David Price’s Other Outs | The Process Report

David Price’s Other Outs

Tommy covered David Price’s pitching earlier, but the southpaw’s night wouldn’t have gone as smoothly without three other big plays, including two pickoffs.

Price’s extracurricular activity started in the first inning, when he erased Elvis Andrus with a pickoff. The move he used wasn’t his best; he just came set, stepped off the rubber with his back foot, and threw the ball to first with an over-the-top motion. What made the move effective was James Loney’s positioning: By standing to the right of the bag, he was able to block Andrus from getting back in before the tag. It was a move reminiscent of Jason Bartlett, who used his knee to prevent basestealers from reaching second base.

Later in the game, Price picked Ian Kinsler off first base. It came after a few failed efforts, and with a more deceitful move. This time Price lifted his leg and turned his head, as though he were going to the plate; Kinsler took the bait and started toward second, which opened the window for the pickoff play.
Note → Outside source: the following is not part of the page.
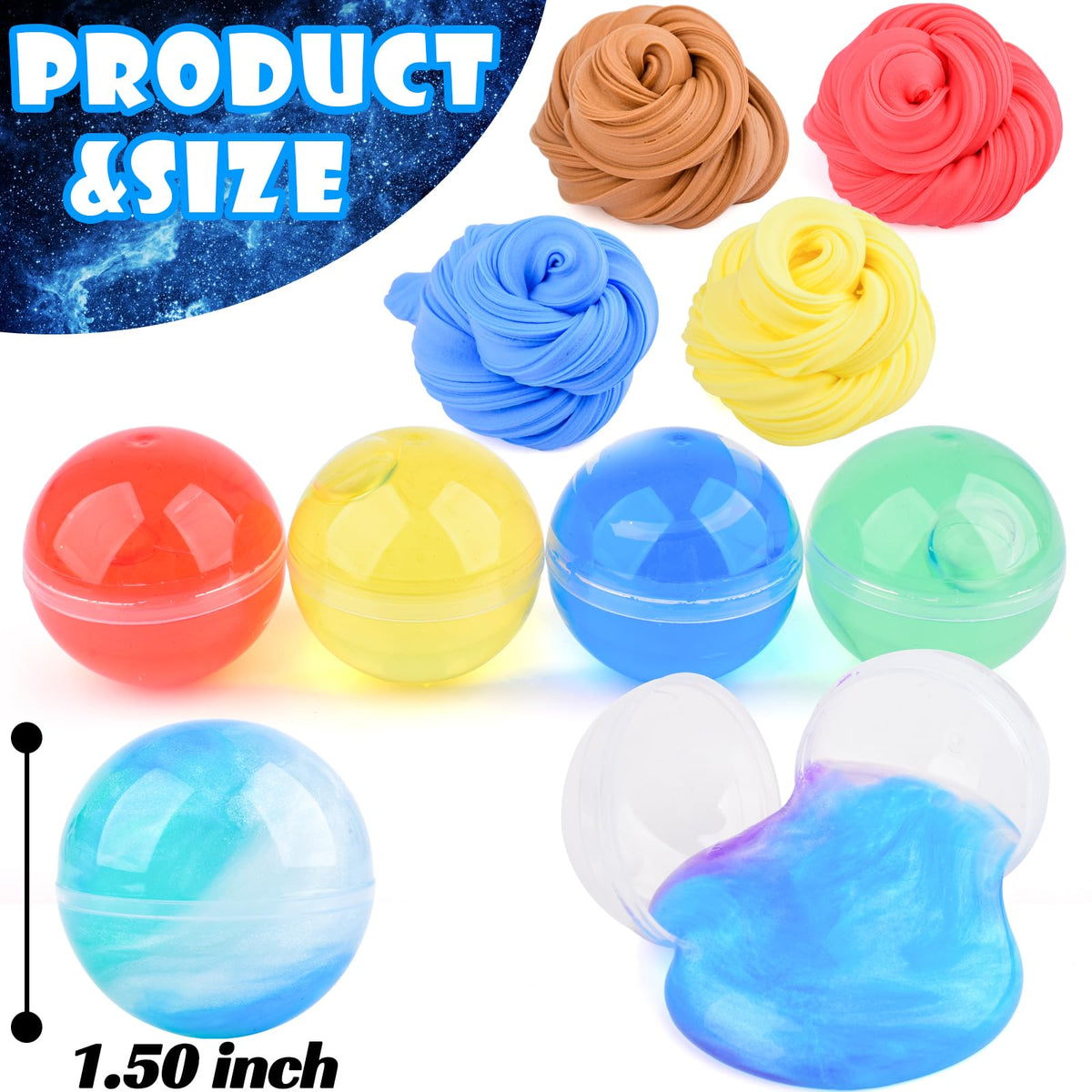 MERMAIDSLIME 32 Pack Galaxy Slime Balls – Soft, Non-Sticky, Mess-Free Party Favors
It’s not clear if Kinsler intended to steal second, of if he was employing a go-and-stop, which is a move he put on display against Alex Cobb during a series in September. Whatever the objective, Kinsler ran into an out, just as he did versus Cobb.
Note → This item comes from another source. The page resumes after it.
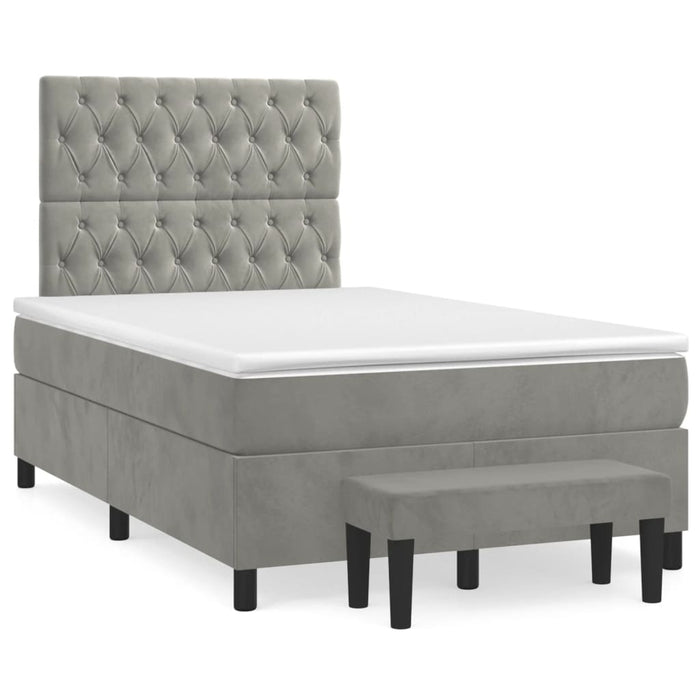 Pat continental cu saltea, gri deschis, 120x200 cm, catifea - WALTI WALTI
The final impact play was perhaps the most impressive, and came in the eighth inning with Andrus at the dish. The speedy shortstop laid down a bunt and tried legging out a single. It wasn’t the worst idea, and might have worked if the bunt were closer to the line, or if Price fell off toward the third-base side. Andrus is a fast runner, so this wasn’t a given by any means. Yet Price was able to get to the ball, scoop it with his glove, maintain his balance, maintain his footwork, and make an accurate glove toss in time:


There have and will continue to be comparisons between Price’s start on Monday night and his past postseason experiences against the Rangers. Price is a different pitcher, a better pitcher, now than he was then. It’s fitting then that Price stymied Andrus in a stolen-base situation and later in a fielding situation. Back in Game 5 of the 2010 ALDS, Price allowed Andrus to steal second, and then allowed him to score from second on a groundout to first base. Price has improved and matured since—he proved as much on Monday night.